In a wide-ranging lecture at the Sorbonne today, Mr Higgins called for a broader conception of European society as one bound not by economics but by culture, morality and history.
"Our existence, we must remind ourselves, is as social beings, not as commodified consumers without a history, incapable of envisioning an alternative future," he said.
The lecture, 'Defining Europe in the Year of the European Citizen', was given before an audience of more than 900 people on the first day of Mr Higgins's official visit to Paris.
Picking up one of his signature themes, Mr Higgins pointed to youth unemployment as the biggest problem facing Europe.
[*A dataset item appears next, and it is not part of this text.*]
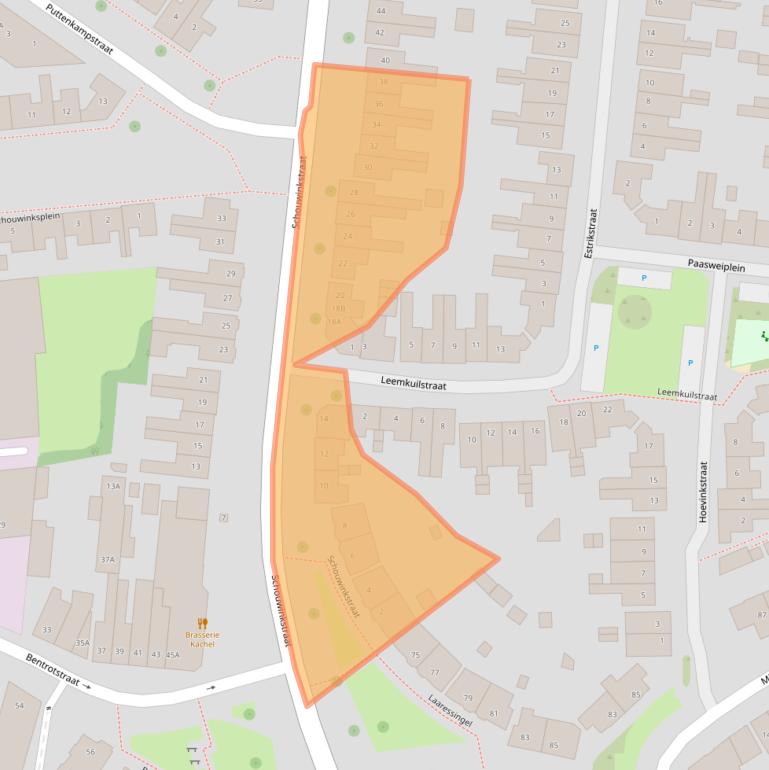 Kaart van postcodegebied 7531AH.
But for intergenerational justice to be achieved, for example, the continent needed a new discourse based on the recognition that "our global problems, in an ever more interdependent world, are neither amenable to any type of previous tested and failed technocratic response, nor are our challenges merely economic. They are social, political and cultural."
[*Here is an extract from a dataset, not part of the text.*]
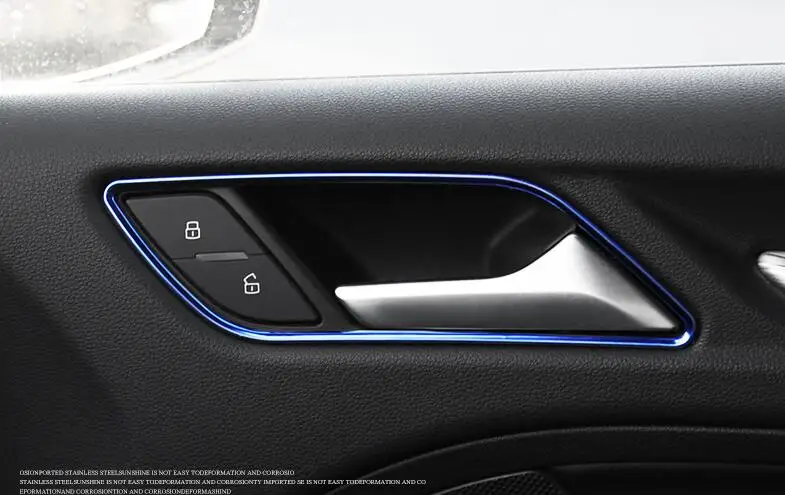 Us 19 11 9 Off Car Chrome Stainless Styling Interior Inner Side Door Handle Bowl Trim For Audi A3 8v Sedan Hatchback Sportback 2013 2016 In Car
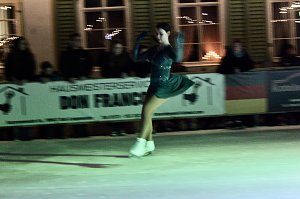 Eisbahn mit super Party in Bad Langensalza er&ouml;ffnet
Mr Higgins held a 45-minute with French president François Hollande at the Élysée Palace and received military honours at the Arc de Triomphe, where he laid a wreath at the Tomb of the Unknown Soldier.
Speaking after his meeting at the Élysée, Mr Higgins praised his French counterpart for stressing "the need for a European Union that values cohesion and solidarity, as well as economic growth."
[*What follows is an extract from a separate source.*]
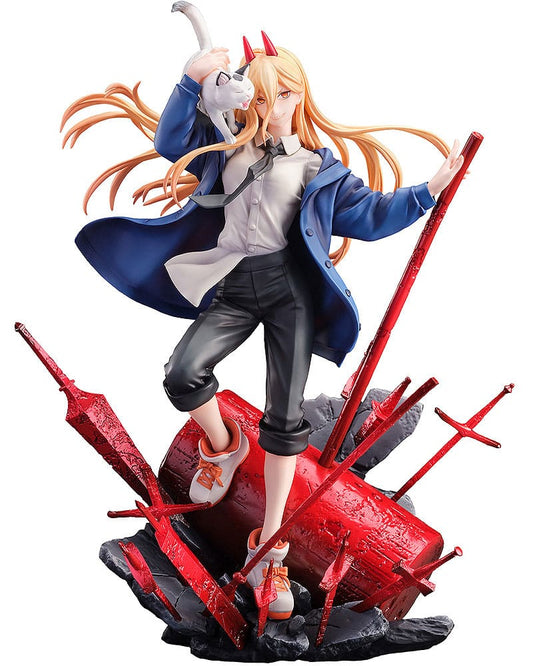 Chainsaw Man - Power & Meowy Figur 28cm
On a visit where Franco-Irish economic and cultural ties are in focus, this evening's agenda was dominated by Eileen Gray, the Irish designer and architect whose work will be celebrated with a major exhibition at the Centre Pompidou, opening later this week.
After viewing the retrospective with French culture minister Aurélie Filippetti, Mr Higgins said Gray belonged to a venerable tradition of European artists who found sanctuary in Paris. "She uncovered and manifested her genius gradually, emerging into it over time. Her spirit of independence, of difference and above all of integrity shines through the story of her life and her artistic journey," he said.
Ms Filippetti said Gray was "a great artist" whose work was ahead of its time. "When you look at the pieces she created, it was in the 1920s and 1930s, but they look like they were created yesterday," she said. "We owe her a lot."
Bringing together Gray's paintings, furniture and architecture, the exhibition traces the artist's life from her influences and early lacquerwork to models and plans for her masterpiece, the E1027 villa on the Côte d'Azur. "In France, she is, with Le Corbusier, the major reference point for modernism. She is an essential figure," said Cloé Pitiot, chief curator of the retrospective.
Mr Higgins's visit will continue today, when he is due to speak at the headquarters of Unesco, the UN's culture and education agency, and attend a business lunch at the Irish embassy.